Thesis topic: Testing disc evolution around intermediate mass stars
Thesis Supervisors: Mario van den Ancker and Monika Petr-Gotzens
Two key architectures of planetary systems involving giant exoplanets exist: those with giant planets very close to their star, and those with giant planets beyond the Earth-orbit distance from their parent star. Intermediate-mass stars (1.5-3 solar masses) are most likely homes to the latter systems, i.e. to those planetary systems similar to our own. It is likely that this architecture difference has its origin in a different evolution of dics around intermediate-mass stars versus discs around solar mass stars.
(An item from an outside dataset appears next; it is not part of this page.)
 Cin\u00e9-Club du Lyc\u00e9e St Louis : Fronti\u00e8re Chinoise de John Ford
FUV-driven disc photoevaporation in intermediate-mass stars versus X-ray driven photoevaporation for low-mass stars is a likely culprit, but so far comprehensive studies of this effect in young stars comprising large samples of young intermediate-mass stars have been lacking.
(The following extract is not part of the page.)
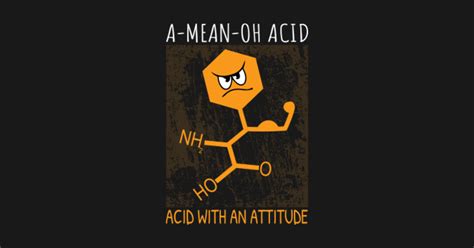 A Mean O Acid Design T For Science Teacher Puns Joke Humor Science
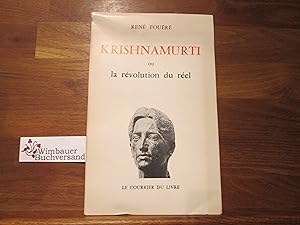 Bild des Verkufers fr Krishnamurti: Ou La rvolution du rel zum Verkauf von Antiquariat im Kaiserviertel | Wimbauer Buchversand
The PhD student will analyze the above questions using a new sample of around 250 nearby young stars which have recently been observed using the XSHOOTER instrument at the VLT. The project aims to investigate the nature of planet-forming regions around these intermediate-mass stars, via studying the accretion of gas from these regions onto the stellar surface. Accretion can cease as a consequence of a giant planet blocking the flow of gas past its orbit, or when the star-feeding disc of gas is fully consumed. On the other hand, strong accretion seems to suggest a massive gas disc still being present and the material continuing to flow onto the star. With the large sample the project will allow to tackle general questions about how accretion around intermediate-mass stars evolves, and to firmly confirm or reject the hypothesis that disc dispersion in intermediate-mass young stars is driven by different processes compared to the lower-mass stars, offering a natural explanation for the observed diversity of their exoplanetary systems.